My course will be mainly devoted to complex integrable systems with central charge. This class contains, e.g. Hitchin integrable systems (possibly with singularities) as well as Seiberg-Witten integrable systems.
I am going to discuss integrable systems from the point of view of Mirror Symmetry and theory of Donaldson-Thomas invariants developed jointly with Maxim Kontsevich. In particular, I will explain how the base of Hitchin integrable system encodes the number of special Lagrangian submanifolds in a certain non-compact Calabi-Yau 3-fold.

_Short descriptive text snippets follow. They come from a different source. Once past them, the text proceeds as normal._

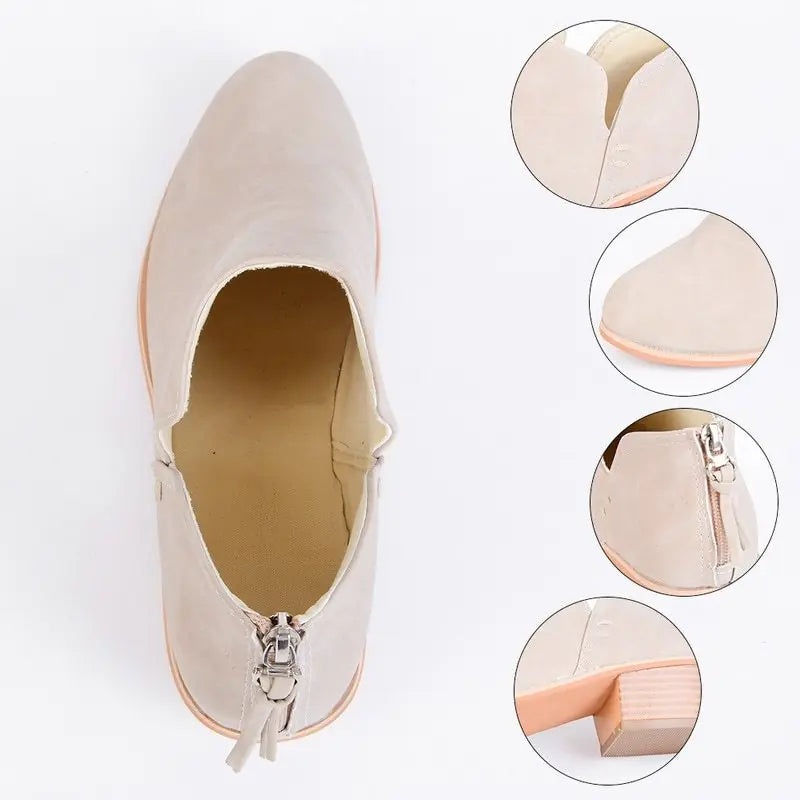 Vintage-Style High Heel Ankle Boots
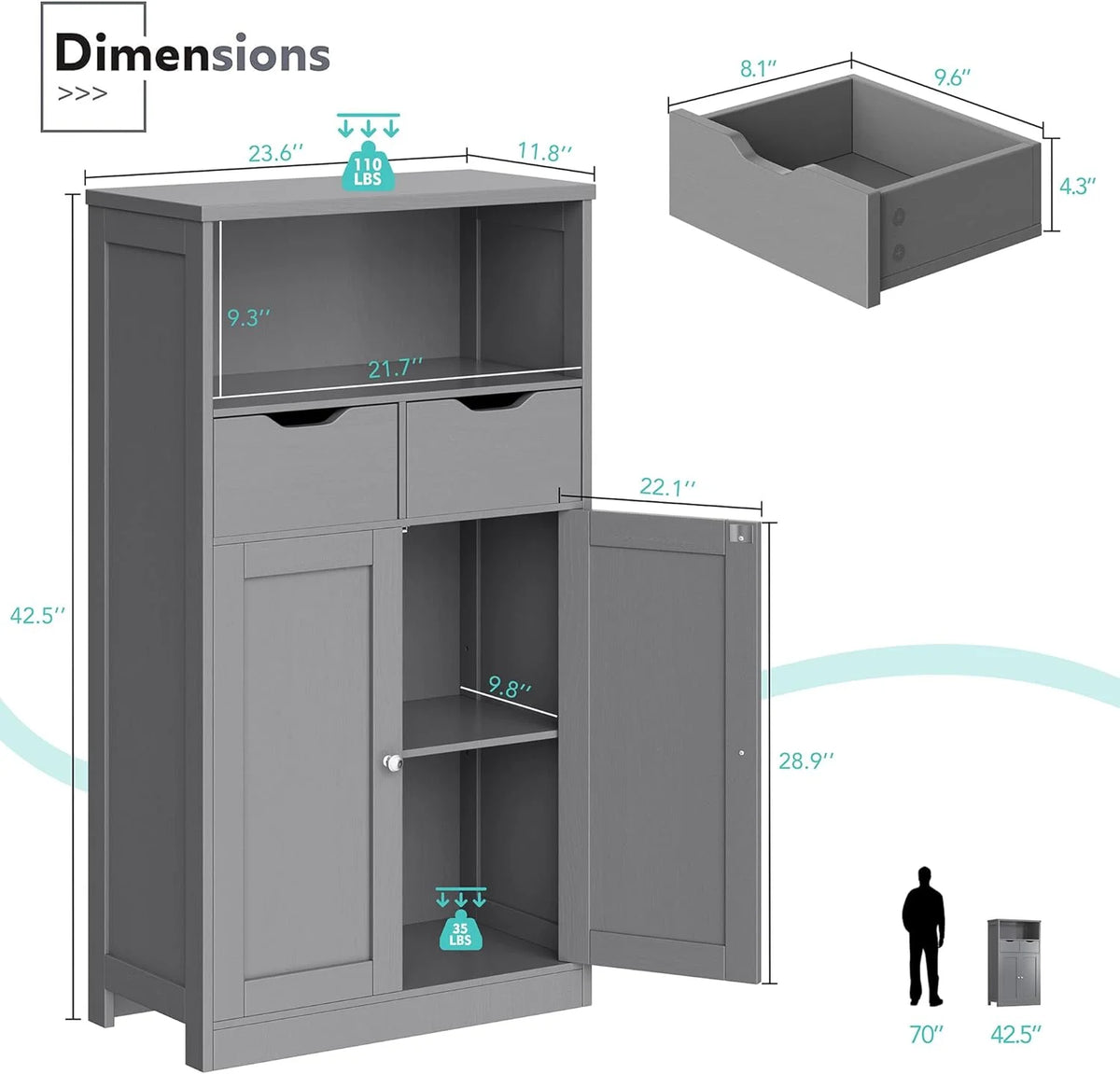 Vongrasig Farmhouse Freestanding Pantry Cabinet with 2 Drawers and Shelves, Wooden Storage Organizer for Bathroom, Living Room, Grey
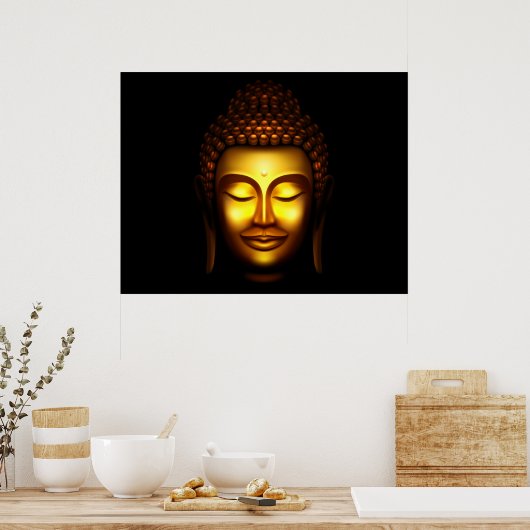 Lach Lord Buddha Gold en Black Poster (Keuken)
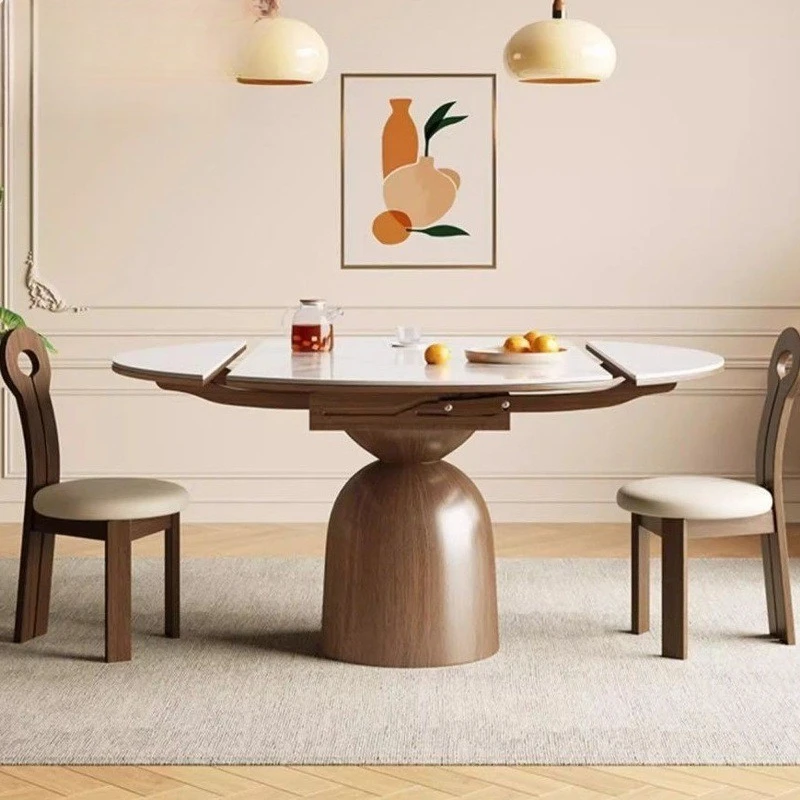 

Medieval rock slab dining table Small household light luxury solid wood table and chair combination retractable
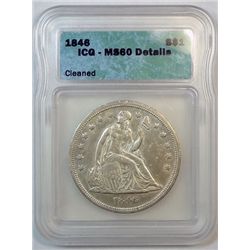 1846 SEATED DOLLAR ICG MS60 LIGHT CLEANING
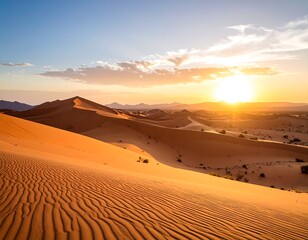 Golden hour serenity: Ripples in the sand under a pastel-painted desert sky landscapes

I am going to explain how the formalism of wall-crossing formulas introduced by Kontsevich and myself is related to WKB asymptotics of differential equations with small parameter.
The unifying concept for the course will be the one of wall-crossing structure.I am going to define it and illustrate in examples which include representation theory of quivers, cluster algebras, complex integrable systems and Mirror Symmetry.
Integrable Systems and Connections with Toric Geometry
Starting with the Arnold-Liouville theorem I will survey the structure results for integrable systems on symplectic manifolds due to Duistermaat, Dazord-Delzant, and others, and explore their connections with toric varieties and multiplicity-free actions of Lie groups.
We present several versions of Kolmogorov-Arnol'd-Moser Theorem. Then we sketch two different proofs. One is due to Levi-Moser, another is due to Fejoz. Finally, we show applications of KAM to several models nearly Integrable systems such as Newtonian N body problem, Fermi-Pasta-Ulam model and others. Time permitting, we discuss connections with solutions to Hamilton-Jacobi equation.
Integrable Systems and Poisson Lie Groups
One the main techniques to construct integrable systems and to analyze their dynamics is through Lie theory. The first part of the mini-course will build up the fundamentals of the theory of Lie bialgebras and Poisson Lie groups from a geometric and representation-theoretic perspective. This will lead to a detailed description of the geometry of the Poisson structures on simple Lie groups coming from the Belavin-Drinfeld classification. The second part of the mini-course will be an overview of the major applications of these techniques to the construction and study of integrable systems.
Introduction to Semiclassical Analysis
The origins of the semiclassical analysis lie with the correspondence principle, formulated by Bohr in 1923. It states that the behavior of quantum mechanical systems should reduce to classical physics in the limit of large quantum numbers. From the mathematical point of view, semiclassical analysis can be viewed as the study of linear and non-linear PDE depending on a small parameter, and as such, it has developed tremendously in the last thirty years, following the introduction of microlocal analysis, that is local analysis in phase space, simultaneously in the space and Fourier transform variables. The purpose of this mini-course is to provide an introduction to the subject of semiclassical analysis and to attempt to illustrate some of its inner workings. I hope to be able to discuss the following topics:
(i) Local symplectic geometry.
(ii) Construction of approximate solutions, the WKB method.
(iii) The method of stationary phase and semiclassical pseudodifferential operators.
(iv) Local canonical transformations and
-Fourier integral operators.
(v) Spectra of Schr\"odinger operators in the semiclassical limit.